Have a Little Cookie with Your Coffee?: Brown Butter Espresso Cookies

I look forward to the Los Angeles Times holiday cookie feature each year (I have a digital subscription to the paper, but my parents in LA kindly send me their print copy of the holiday cookie food section), and this year was no exception. Until I looked at the recipes and realized that none of them had weight measurements. I'm at the point where I am loath to make recipes without weight measurements, and I quickly decided that I just couldn't deal with the hassle of imprecise volume measurements as I was trying to select recipes for my holiday cookie distribution project.
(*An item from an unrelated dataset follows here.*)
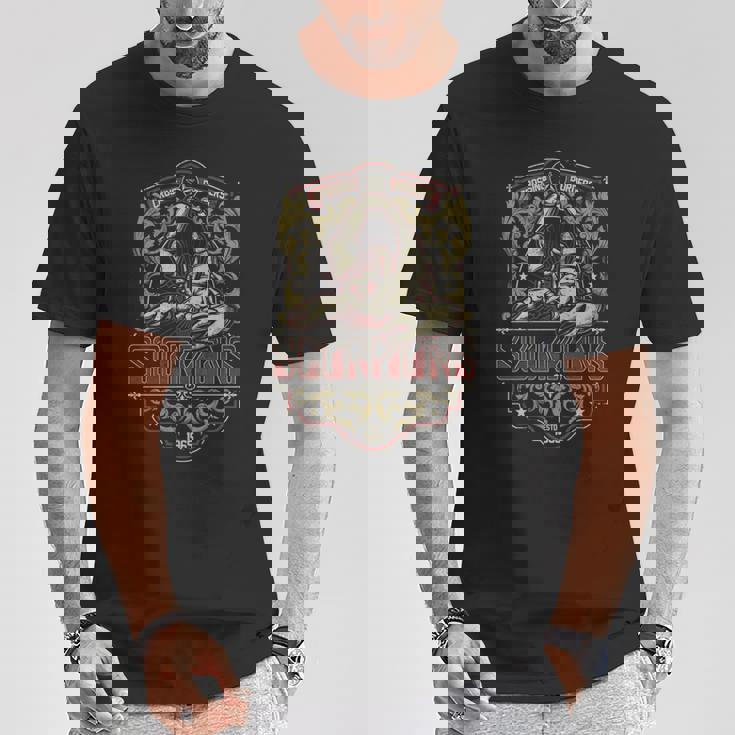 ウィンド・オブ・チェンジ 長袖tシャツ Tシャツ 面白い贈り物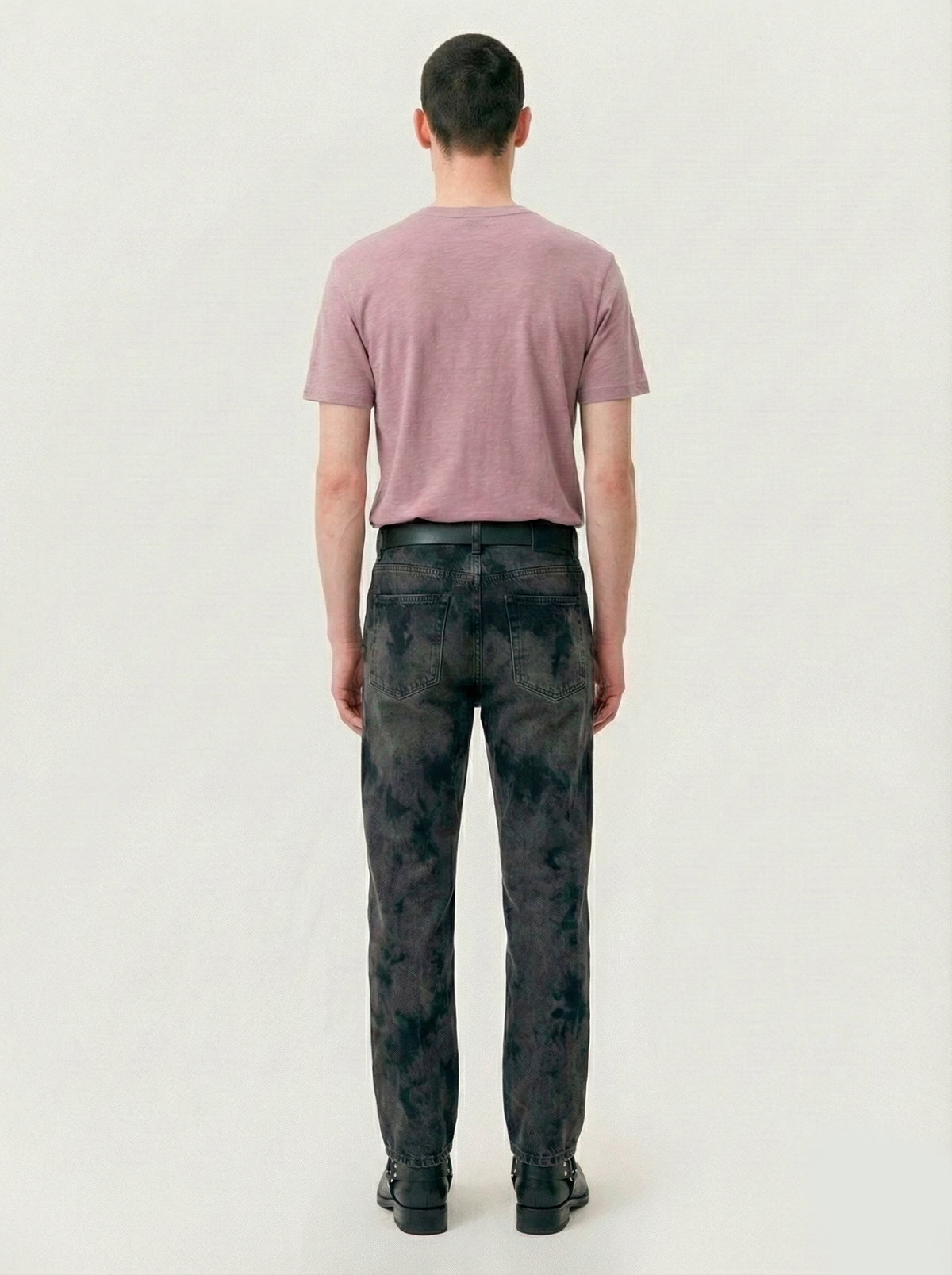 Pigment-Dyed Pink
But after the holiday cookie rush was over, I decided to come back to the the LA Times cookie recipes. I was no longer under pressure to crank out massive volumes of cookies and could bake at a more leisurely pace. The first one I tried was Mei Lin's Brown Butter Espresso Cookies. Lin explains that she adds powdered milk to the butter when she's browning it to get more milk solids and enhanced nutty flavor. So you combine butter with powdered milk in a saucepan, brown the butter, and set the mixture aside to cool for a few minutes. Then you cream the browned butter with brown sugar, granulated sugar, and more room-temperature butter until light and fluffy; incorporate eggs; mix in espresso powder and vanilla bean paste; add flour, salt, and baking soda; and stir in bittersweet chocolate. You scoop out the dough, sprinkle each cookie with flaky salt, and chill the dough overnight before baking. I used a #20 scoop and got 29 cookies from a batch.
The amount of instant espresso powdered required for this recipe is seems wildly excessive (and I'm still not convinced it's not a typo): four tablespoons, or a quarter cup. That's more than four-tenths of a teaspoon of espresso powder per cookie. The espresso powder colored the dough so much that the cookies looked like they were made with chocolate dough. The finished cookies were chewy and rich, and all I could taste was espresso -- even the chocolate was overshadowed. It seemed like a waste to go to the trouble of making enhanced browned butter when the flavor was completely drowned out by the espresso. 
 
If I were to make these cookies again, I would dial back the espresso powder substantially. I think that four teaspoons instead of four tablespoons would make a lot more sense. On other other hand, if you want to eat something that is essentially espresso in cookie form, this cookie might be for you.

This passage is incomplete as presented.